* [Exercise description]:
Give the data back exactly. Leave out any images.

* [Dataset section]:
□ □ □

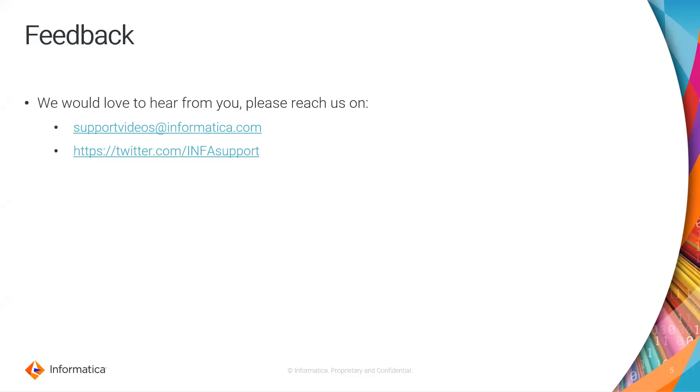We would love to hear from you. You can provide feedback by visiting supportvideos@informatica.com, and you can also write us on Twitter.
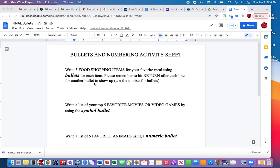This activity will give you an opportunity to explore four different types of bullets. Bullets are a great way of listing items and staying organized within a Google Doc.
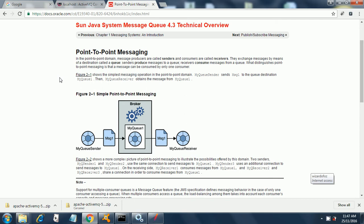There is a simple figure that shows the simplest messaging operation in the point-to-point domain where my queue sender is sending messages, say message one, to the queue destination my queue one. Then my queue receiver obtains this message from my queue one. A single sender, a single receiver—that's the main concept of point-to-point messaging.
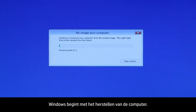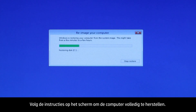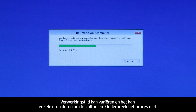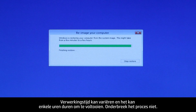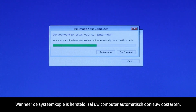Windows begins to restore the computer. Follow the on-screen instructions to completely restore the computer. Processing time varies and could take up to a few hours to complete. Do not interrupt the process. When the system image is restored, your computer automatically restarts.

□ □ □

* [Solution for this problem]:
We would love to hear from you. You can provide feedback by visiting supportvideos@informatica.com, and you can also write us on Twitter.
This activity will give you an opportunity to explore four different types of bullets. Bullets are a great way of listing items and staying organized within a Google Doc.
There is a simple figure that shows the simplest messaging operation in the point-to-point domain where my queue sender is sending messages, say message one, to the queue destination my queue one. Then my queue receiver obtains this message from my queue one. A single sender, a single receiver—that's the main concept of point-to-point messaging.
Windows begins to restore the computer. Follow the on-screen instructions to completely restore the computer. Processing time varies and could take up to a few hours to complete. Do not interrupt the process. When the system image is restored, your computer automatically restarts.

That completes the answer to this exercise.